Thursday, August 09, 2007

Teapot #2 - Dr. Seuss Revisited

Dr. Seuss Revisited
Kitchen Series
9" x 9"
Oil on Reclaimed Panel with Painted Sides
$225

Or click here to email me about Dr Seuss Teapot.

This is one of a set of 6 kitchen paintings - contact me to see all 6
They are available as a group for $950 with free shipping.

I call it "Dr. Seuss Revisited" because it's kind of wonky and very colorful. It is painted on a 3/4" board, which is a very traditional medium, and besides I had some laying around :) The white lines on the upper portion of the painting are reflections from the grain in the wood.

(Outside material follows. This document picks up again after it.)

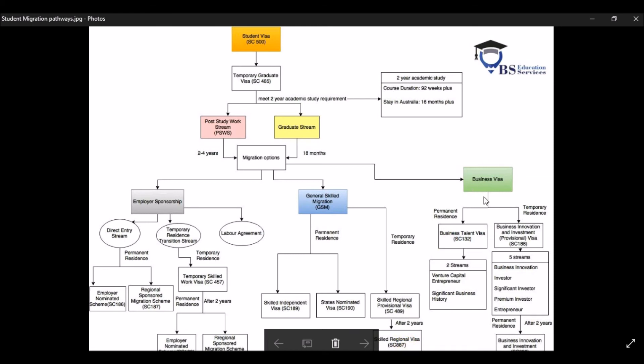And the last pathway is for the business visa, which is going to target more for people who have a good financial background as well as good business background and want to become entrepreneur in Australia.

It was done very quickly because I spent the vast majority of my day working on a commission - it's very large 30" x 40" and quite different from my usual work. Hopefully I will show you when it is finished and after it has been presented to the recipient.

If you want to use wood as a support for oil paintings, first put a couple good coats of gesso on it before the oil paints. Oil will deteriorate wood, so make sure you protect it. If you don't want to use gesso, and you're not creating 'archival' artwork, you can just paint it with a good latex paint or primer. If you want to paint in acrylics, you don't have to prime it first, but it does make the paint go on easier.

When I am at my easel painting, I carry on imaginary conversations with you - "See how I fixed that mistake?" or "This is a good way to . . . . " but when I am finally done with the day, and get a chance to sit down and write, I go completely blank - "Here is my painting, it is in oil, it is a teapot" LOL

Maybe it's because I know many of you personally, and I don't want to sound pretentious.

But, here is one thing I thought about while I was painting today - If you'd like to do something a little different with a still life or object, try what I did with this teapot. Set your object or still life up on some brightly colored backgrounds. They can be harmonious, or complementary. I like the purple and orange combination, but then I like purple with just about any other color.

The backgrounds can be fabric, construction paper, or as I used, some art foam stuff that they use for making stamps. The colors reflect onto the subject and add interest and more of a challenge to paint.